• [Your goal] Among the lines below, take the one holding "Color WOW Dream", the one holding "日本車のマイクロバスの運転席の画像 日本車のマイクロバスの運転席の画像 92607345", and all lines between them. Set them down exactly.

• [Data for this exercise]

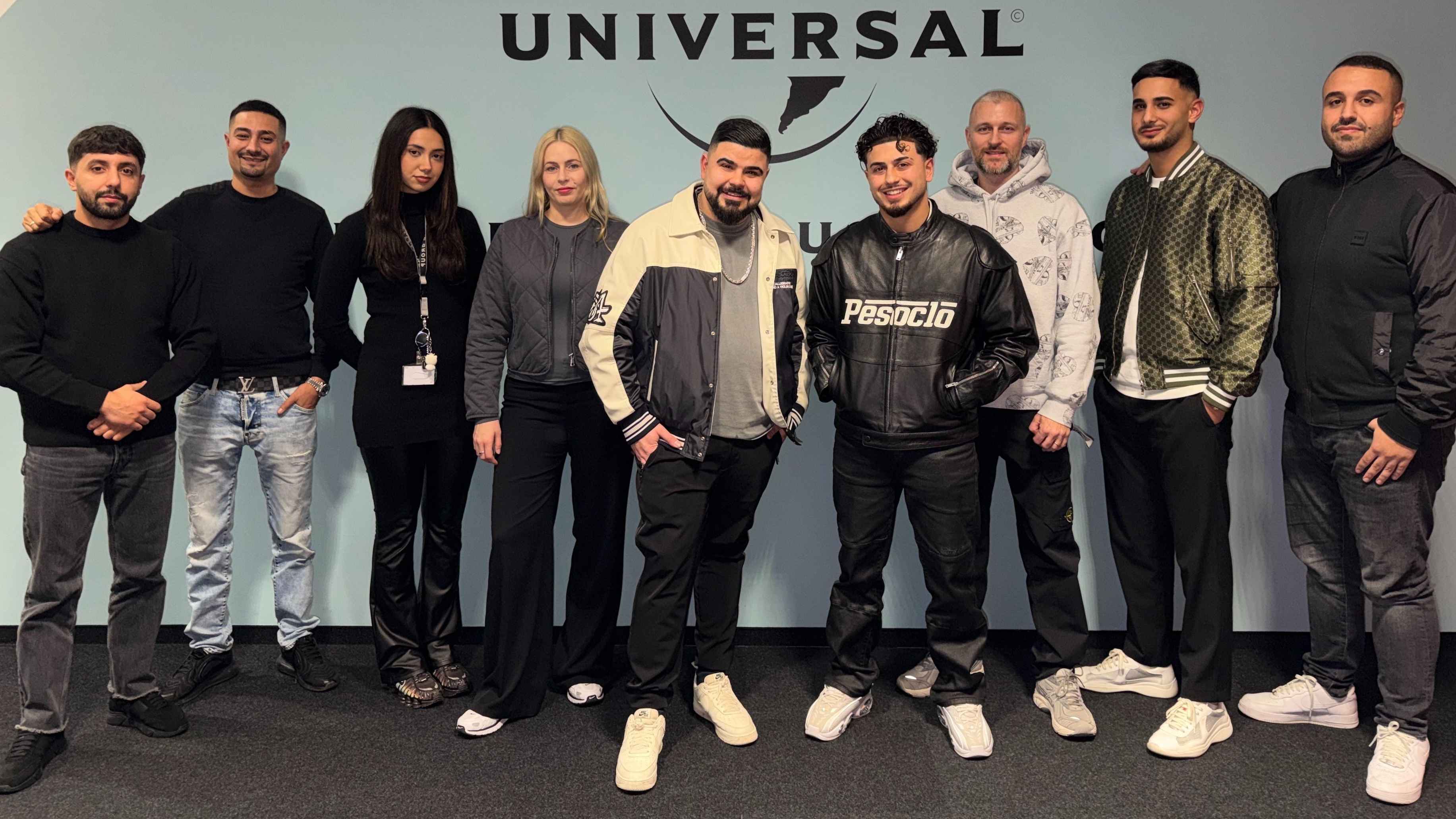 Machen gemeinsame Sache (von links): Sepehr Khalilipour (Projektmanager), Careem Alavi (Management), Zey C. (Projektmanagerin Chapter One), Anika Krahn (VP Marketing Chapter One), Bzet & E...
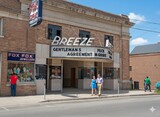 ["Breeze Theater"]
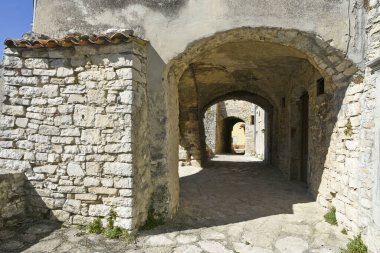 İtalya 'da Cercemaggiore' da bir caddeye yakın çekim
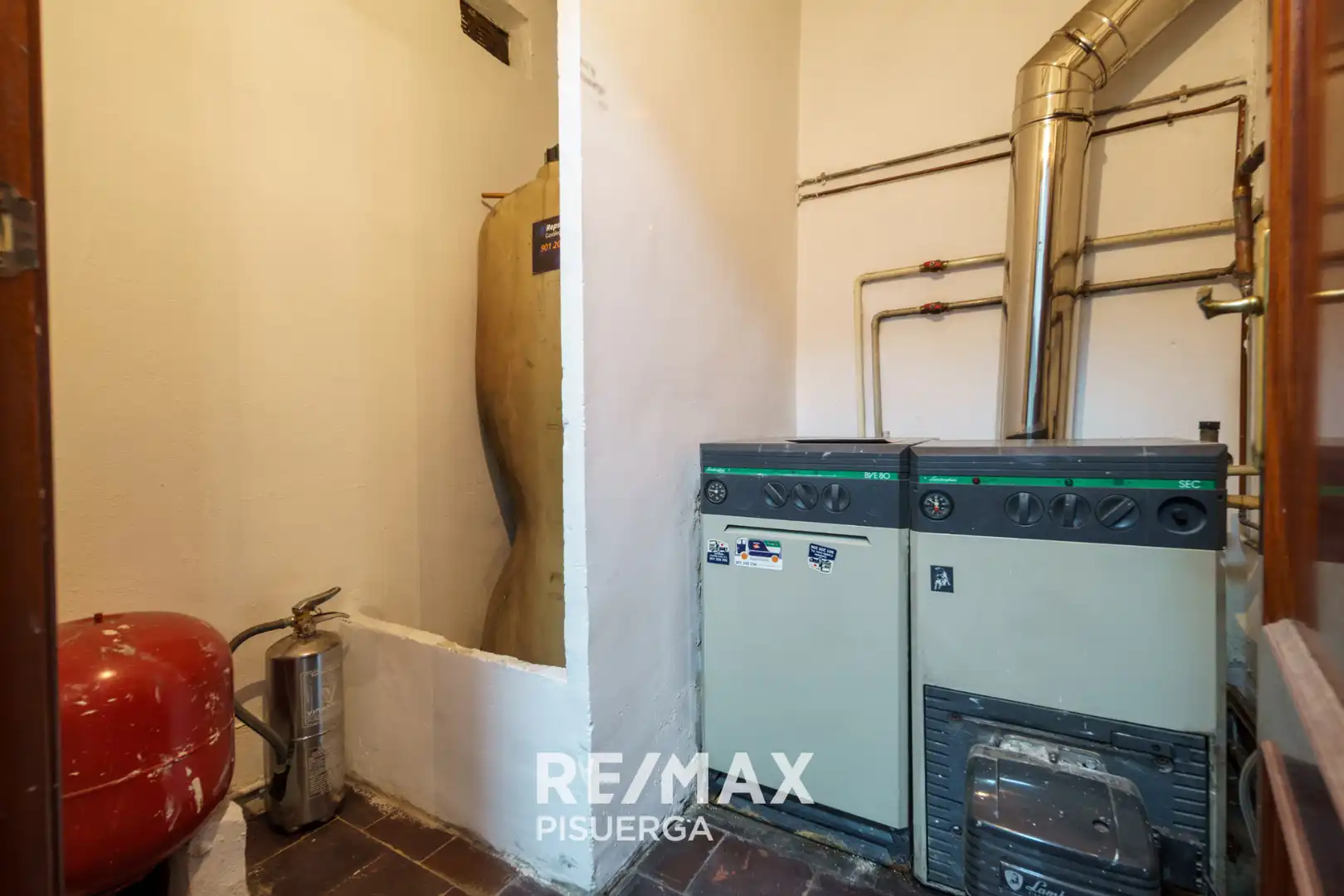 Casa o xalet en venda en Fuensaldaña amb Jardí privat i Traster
==
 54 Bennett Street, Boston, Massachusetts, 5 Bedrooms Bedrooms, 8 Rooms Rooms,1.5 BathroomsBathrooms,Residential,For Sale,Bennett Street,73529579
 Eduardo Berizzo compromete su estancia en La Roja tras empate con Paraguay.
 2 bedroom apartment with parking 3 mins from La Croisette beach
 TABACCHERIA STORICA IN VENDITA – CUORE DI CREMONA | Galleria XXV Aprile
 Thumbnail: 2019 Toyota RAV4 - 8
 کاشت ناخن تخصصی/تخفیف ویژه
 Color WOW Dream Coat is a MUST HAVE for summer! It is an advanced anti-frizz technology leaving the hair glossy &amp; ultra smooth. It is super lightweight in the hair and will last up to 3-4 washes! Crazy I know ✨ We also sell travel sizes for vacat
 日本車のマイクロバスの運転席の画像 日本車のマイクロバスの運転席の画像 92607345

• [Completed exercise]
 Color WOW Dream Coat is a MUST HAVE for summer! It is an advanced anti-frizz technology leaving the hair glossy &amp; ultra smooth. It is super lightweight in the hair and will last up to 3-4 washes! Crazy I know ✨ We also sell travel sizes for vacat
 日本車のマイクロバスの運転席の画像 日本車のマイクロバスの運転席の画像 92607345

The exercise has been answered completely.